The neo-liberal government’s succession in the last decade of the 20th century and the beginning of the 21st has left the government of Daniel Ortega a devastated Nicaragua and sinking into poverty, with important challenges to confront. The new army seems to show their willingness to assume the challenges.

FROM THE ELECTORAL DEFEAT OF THE SANINISTA REVOLUTION, three neo-liberal governments reached power, in 1990, 1996, and 2001. During these years, the country was dismantled to the foundations. In 1990, Sandinistism entered more than 300 state-owned companies into the new government; in 1995 none remained. Also, their last aerial line of their national flag, their fishing industry fleet and the merchant navy disappeared; or was the centenary and beautiful locomotive of the last railway in the country saved from the banquet of national goods.The largest industrial effort never saw Nicaragua’s history or was settled. The complete agricultural industry of Valle de Sébaco, the Timal sugar ingenuity, the Chiltepe lacteal project and the African palm tree project, which estimates to hundreds of millions of dollars, were demolished. They privatized natural resources, the telephone company, electric energy, the national cement industry and the bus industry. The state reduced a minimal bureaucracy, dedicated to completing the structural plans of the International Monetary Funds (IMF), that had positive macroeconomic results, but with a devastating social cost.

Some manipulated and dark privatizations, in benefit of linked groups to the power, gave place to a galloping corruption that the ex-president, Arnoldo Alemán, took to jail. Who is a visible leader, but it is not the last or the worst, of an enormous pyramid of corruption. The summary of the IMF’s structural plans, the dismantlement of the State and the corruption induced the collapse of the country. With the collapse, the largest immigration of the national history followed; close to two million Nicaraguans have abandoned their native country.

Today, the remittances of this emigration built the first and most essential source of currencies; the oxygen tube that hinders the national suffocation.

THE WAY AHEAD
Last January, Daniel Ortega received a State in bankruptcy: 80 per cent of the population lives in poverty or extreme poverty, with a 50 per cent illiteracy rate and health services in a disastrous situation, schools without notebooks and a country without industries or infrastructures. The lack of investment in the energy area remains semi-paralyzed and since 2006, Nicaragua has had daily blackouts that exceed six hours. The brutal deforestation has damaged many hydric reserves that departmental capitals like Juigalpa have remained, literally, without water.

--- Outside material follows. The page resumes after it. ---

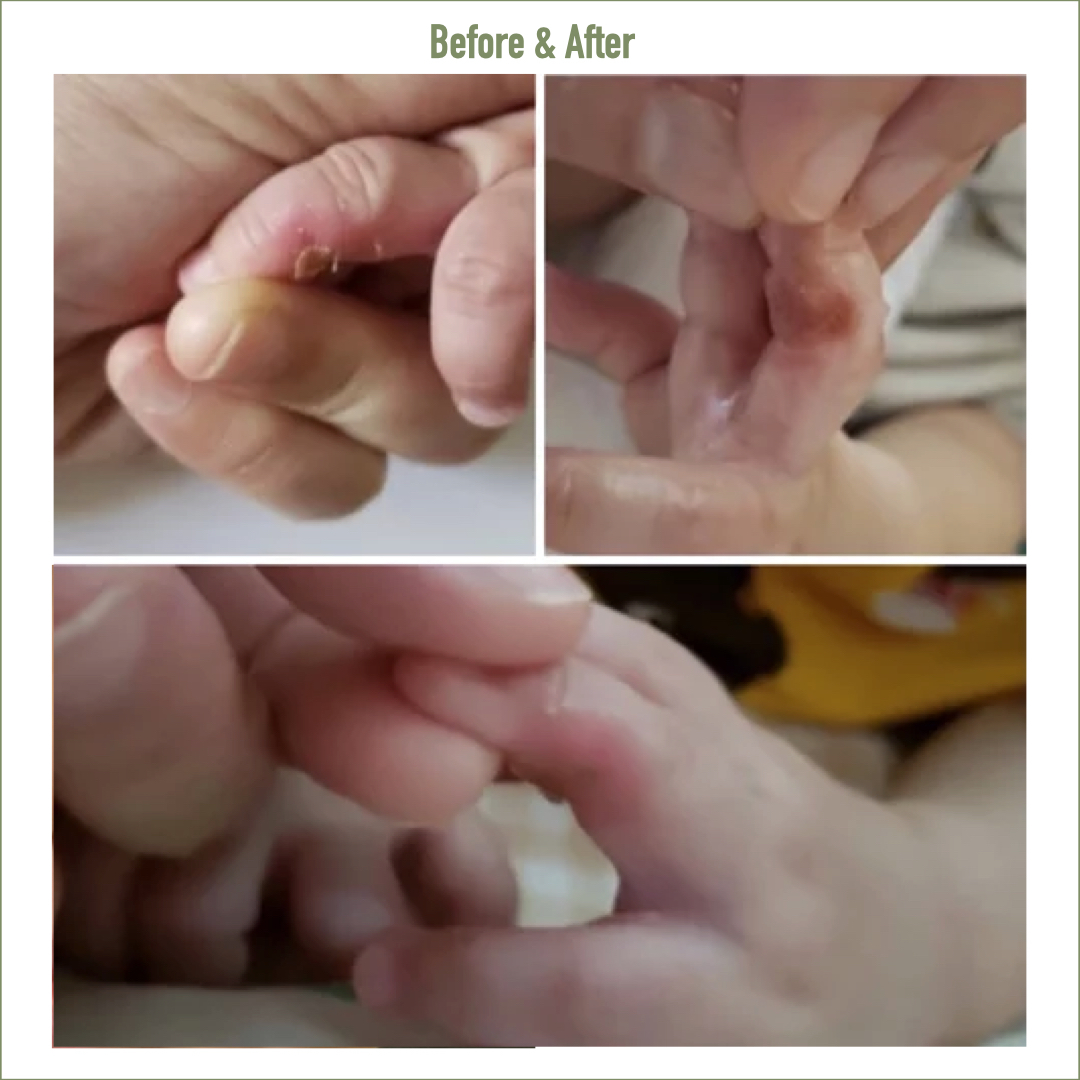 Golden8 Soothing Cream  ｜Golden 8 |  濕疹 ｜傷口救星 | 皮膚炎症 ｜皮膚敏感 ｜牛皮癬｜ 紅疹 ｜皮膚痕癢 ｜痕癢肌 ｜乾燥肌 ｜ 天然成份 ｜中西醫推介 ｜無藥性 ｜不含類固醇 ｜修復濕敏肌 ｜網紅推介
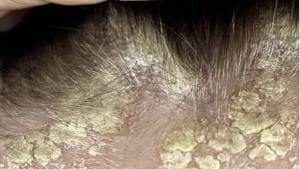 Причины, симптомы и лечение дерматита на коже головы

In order to confront so many disasters the Sandinista government has seen bound to ask with extreme urgency for external support. The first in coming were Venezuela, in the energy field, and Cuba, in health and education. They have assigned large parties to the area of health in order to solve the most urgent problems, and have put in march a plan against hunger that destroys the most abandoned areas in Nicaragua, especially the peasants. Furthermore, the government should also have the reconstruction and construction of roadways and streets prioritized and to get the production of isolated zones and to take the services of the State.

Given the extreme kneeling of the country, the government has alienated foreign investment, the most outstanding case being of the largest Mexican business, Carlos Slim, who has announced investments of 250 million dollars. They have also signed agreements with Venezuela, Cuba and Iran and have sought to establish a framework of respect with the United States, which finally has been obtained.

Applying a policy that adds up and does not abate, Nicaragua signed an agreement of free trade with the United States and joined the Bolivarian Alternative of the Americas (ALBA). They want to stretch their relations with the MERCOSUR and firmly support the signature of accord of association between Central America and the European Union. The government has also put in march an austere political salary. In a country where the ex-president Bolaos charged more than twenty thousand dollars monthly, the president Ortega has imposed a maximum limit of 3,200 dollars to public salaries.

Since they can be collected, not an easy task, the framework to manoeuvre is very tight and the middle more than scarce. But the will to assume the challenge exists and the resources look where they are. Time will show the effects. Perhaps it is possible to do, in this second government period, what the war hindered in the 80’s.